Article 113 of the Treaty of Rome provides the legal framework for trade
policymaking. Embedded in this provision are two grants of authority for the making of
trade policy: (1) from the member states and their parliaments to the assembly of European
states, acting collectively through the Council of Ministers; and (2) from the Council of
Ministers to the European Commission.2 Article 113 states as follows:
! the common commercial policy shall be based upon uniform principles,
particularly in regard to tariff rates, the conclusion of tariff and other
agreements, the achievement of uniformity in measures of liberalization,
export policy, and measures to protect such as those to be taken in the
event of dumping or subsidies.
! the Commission shall submit proposals to the Council for implementing
the common commercial policy.
! where agreements with third countries need to be negotiated, the
Commission shall make recommendations to the Council, which shall
authorize the Commission to open negotiations.
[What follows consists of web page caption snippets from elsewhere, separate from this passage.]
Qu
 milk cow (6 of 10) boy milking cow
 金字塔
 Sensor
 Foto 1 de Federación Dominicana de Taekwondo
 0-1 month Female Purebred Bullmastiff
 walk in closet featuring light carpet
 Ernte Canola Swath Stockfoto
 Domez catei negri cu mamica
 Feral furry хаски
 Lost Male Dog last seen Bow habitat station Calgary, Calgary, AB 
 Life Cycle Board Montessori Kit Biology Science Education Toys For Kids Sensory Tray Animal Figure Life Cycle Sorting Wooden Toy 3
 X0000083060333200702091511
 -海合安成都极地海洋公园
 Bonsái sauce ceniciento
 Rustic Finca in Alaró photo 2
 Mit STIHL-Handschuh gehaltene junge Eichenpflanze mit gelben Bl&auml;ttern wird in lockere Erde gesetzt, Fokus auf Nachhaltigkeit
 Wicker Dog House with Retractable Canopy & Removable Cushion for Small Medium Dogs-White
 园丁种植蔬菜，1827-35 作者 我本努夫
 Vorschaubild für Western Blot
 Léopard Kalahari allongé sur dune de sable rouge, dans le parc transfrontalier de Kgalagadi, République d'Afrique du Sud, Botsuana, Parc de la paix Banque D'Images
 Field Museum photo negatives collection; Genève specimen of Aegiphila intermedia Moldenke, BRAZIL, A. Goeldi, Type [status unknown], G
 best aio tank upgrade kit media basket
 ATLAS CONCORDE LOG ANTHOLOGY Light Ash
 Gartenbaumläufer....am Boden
! the Commission shall conduct these negotiations in consultation with a
special committee appointed by the Council to assist the Commission in
this task and within the framework of such directives as the Council may
issue for it.
Despite substantial changes in the international economic environment and in the
global trade agenda over the past four decades, Article 113 has been modified only slightly
on three occasions. The 1991 Maastricht Treaty on European Union (TEU) deleted and
added some text that did not modify the substance of the article. The 1997 Treaty of
Amsterdam amended article 113 (and renumbered it 133) by extending the scope of the
common commercial policy from goods to negotiations on services and intellectual
property in cases where the Council of Ministers agrees unanimously.3 And the 2000
Treaty of Nice, when ratified, will make further changes in the framework for the adoption
of agreements in the areas of services and intellectual property.4 On the other hand, the
2 Meunier, Sophie and Kalypso Nicolaidis, “Who Speaks for Europe? The Delegation of Trade
Authority in the EU,” Journal of Common Market Studies, September 1999, Vol. 37, No. 3, p.
480.
3 Young, Alasdair R., The Adaptation of European Foreign Economic Policy: From Rome to
Seattle, Journal of Common Market Studies, Vol. 38, No.1, March 2000, pp. 100-101. In a 1994
decision, the European Court of Justice had ruled that services and intellectual property are policy
areas subject to mixed national and community competence. In such areas, the principle of
unanimity can be required to adopt any agreement concluded.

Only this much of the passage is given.